When Chantel meets her prospective client, she asks a lot of “What If” questions.
“I know you want this room to be brighter and sunnier than it is now. What if we knocked through this wall and added a window right here? That would look great!”
Or, “What if we added extra lighting fixtures to bathe the room in light. I know a great lighting designer who can make this room absolutely shine.”
“What If” questions get the prospect involved with the design process. They elicit a response—and begin to focus the client on a narrower set of options. “What If” questions, far from being weak, strengthen the bond between Chantel and her client. She has to ask creative, fun, intelligent “What If” questions, of course, but forcing the client to think beyond their limited view opens the design up to wonderful possibilities.
What are your “What If” questions?
When you meet a prospect, do you say: “I know you want to watch TV without a glare on the set during the day. What if we had shade control in this room, so when the TV is on, the shades partially close. There’ll be plenty of light, but we can remove the glare.”
“What If” questions are thought-provoking. They focus your prospect’s attention on possibilities and away from budget. And they can be used at any time during the course of the project—even as you are coming to completion.
“Now that we’ve mounted the plasma, what if we changed the bezel to match the lighting fixtures? That could look really good.”
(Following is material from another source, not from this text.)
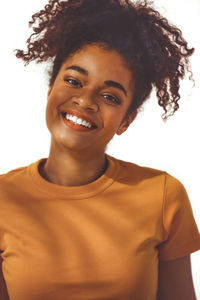Portrait of young woman with curly hair against white background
“What If” questions establish a strong relationship with your prospect. Use them generously.
Now here’s the kicker
Chantel is the most enthusiastic subcontractor working with the client. The architect isn’t. The builder certainly isn’t. And the plumber, electrician and flooring guys? They’re just doing their job.
But the designer is all bubbles and fun and energy. The designer trades in “what’s possible,” whereas everyone else is selling “what’s practical.”
There are no rules in the design world. There is no “not-to-exceed” budget. The scope of the design is only limited by imagination and cash flow. Only the client knows how much cash flow there is. The designer is blind to that reality. She just wants to create exquisite art with the client.
Everything is exciting in the world of design. Small projects with tiny budgets are exciting because they present an artistic challenge. Large projects are exciting because they’re comprehensive. Even the most distinguished and internationally recognized designers will accept smallish projects, because they make money selling their time, not the couch.
AV Dealers, on the other hand, get really excited about large projects because they see the dollar signs associated with big-ticket parts. Fair enough. But the prospective client senses that—and is completely turned off by the ho-hum attitude their AV sales guys possesses when faced with a smallish budget.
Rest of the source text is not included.